With direction from on high, Banks set to work in his own examinations shortly after Woods’ inauguration in 2005, requesting detailed reports on all NASA operations, not dissimilar to the ones compiled by Davis and Richards in the early days of the Gore Administration in 1993. He also reached out to NASA’s aerospace partners and assorted think tanks,hoping to hear options which might have gone under-represented within NASA’s entrenched bureaucracy. In his search for fat to trim, Banks was stymied by his predecessor--while there was certainly a lot being done with NASA’s budget of just over $17 billion, Davis’ tenure and diligence meant there was less outright waste then might be expected, with the GAO rating NASA as one of federal government’s best-run agencies. Instead, to achieve significant cuts, it would be necessary to downscope, eliminate, or redefine the goals of ongoing projects. However, there were some existing plans to this effect, which Banks ended up compiling as the core of his presentation to the President, and which lead directly to Woods’ first NASA budget request.
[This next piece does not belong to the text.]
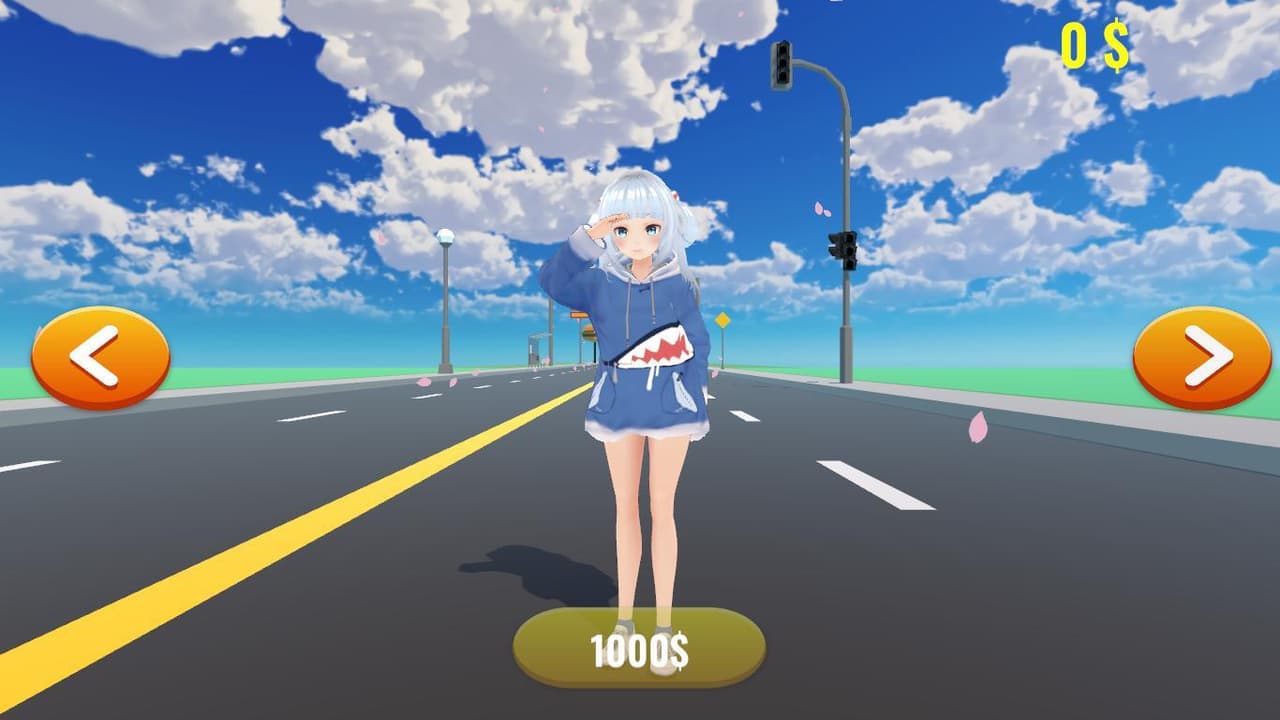 KanojoRun3D screenshot 4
In the long term, there was a general agreement by Banks and others compiling the report that reuse marked a path for the future--after all, Starlaunch was already flying payload for roughly half the cost of its expendable competitors, and others like Lockheed were beginning to follow, with Starclipper aiming to reuse not one but both of its stages for even lower costs. For instance, a reusable vehicle to carry cargo and crew to the Space Station (in line with proposals for the long-dead Space Shuttle) could potentially offer massive reductions in the operations cost of that station or its replacement--of the early $2.5 billion annual budget of the station, $1.25 billion were tied up in the launch costs of its Aardvark and Apollo resupply fleet. However, technologies to extend the reach of reuse beyond LEO were in their infancy--the Cryogenic Depot Demonstrator was due to launch that year, with any operational version fielded by Northrop TransOrbital for GTO access still years away, and full reuse even farther from active service. While NASA might benefit greatly from such services, slashing the cost of conducting its ongoing human spaceflight operations (and, to a lesser degree, unmanned operations) or enabling far more activity for the same budget, these benefits were quite distant.
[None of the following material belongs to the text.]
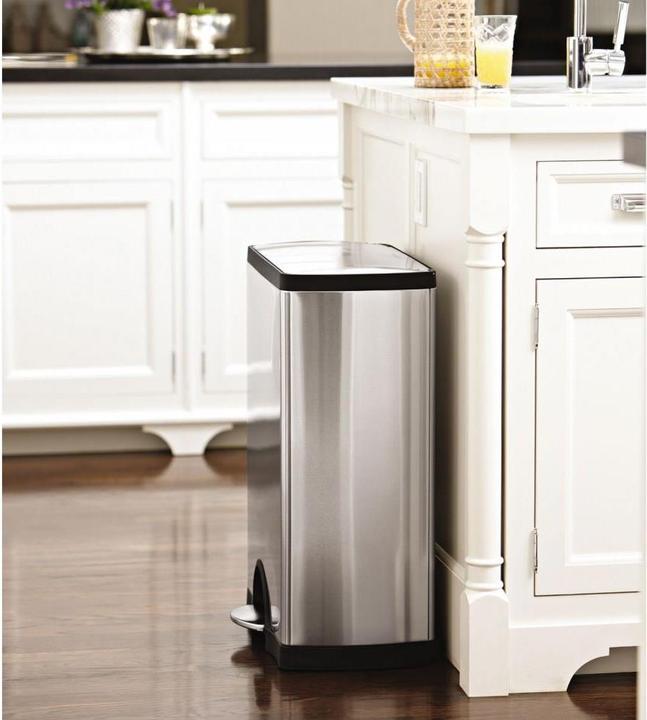 Actual product image Simplehuman Pedal bin (50 l)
A more immediate savings was offered by a plan fielded from NASA Langley, long enshrined as NASA’s center for “off the wall” thinking. As the report Banks received noted, Artemis missions were primarily limited by consumables on the surface and the power capacity of the Artemis habitat to support crews through the lunar night. However, such consumables made up a very small portion of the cargo carried to the surface on each landing, with the vast majority being the rovers, habitat, suits, and surface gear which each sortie mission was obliged to duplicate at its landing site. If a second cargo lander devoted solely to consumables was landed at a single site to join a habitat, modified with expanded habitat volume and power storage/generation capacity, the pair of vehicles could offer as much as ten times the consumables supply, allowing the site to be visited multiple times by several crews, which could each stay longer than the existing Artemis crews. A switch to a more closed-cycle water system--in use on Freedom but not on Artemis due to greater system mass--would also be possible, allowing supplies to be stretched still further. The site would not be suitable as a full-fledged moonbase, but it could be established rapidly using designs already in service on Artemis and once set up, each crew mission would require only ⅔ the cost of a sortie mission for even more time on the surface, perhaps up to months-long expeditions. The concept, circulating under the name “soonbase,” a name intended to stress its rapid availability, was attractive to Banks as a short-term “bandaid” for achieving expanded exploration capacity while opening up room in the budget for both Woods’ desired “haircut” as well as the investment in technologies which might be required for transitioning to a more reuse-based model. Additional room would be freed by redirection of existing development funds such as those currently being spent on the CDD and other programs within the “future technologies development” penumbra to development for this new purpose.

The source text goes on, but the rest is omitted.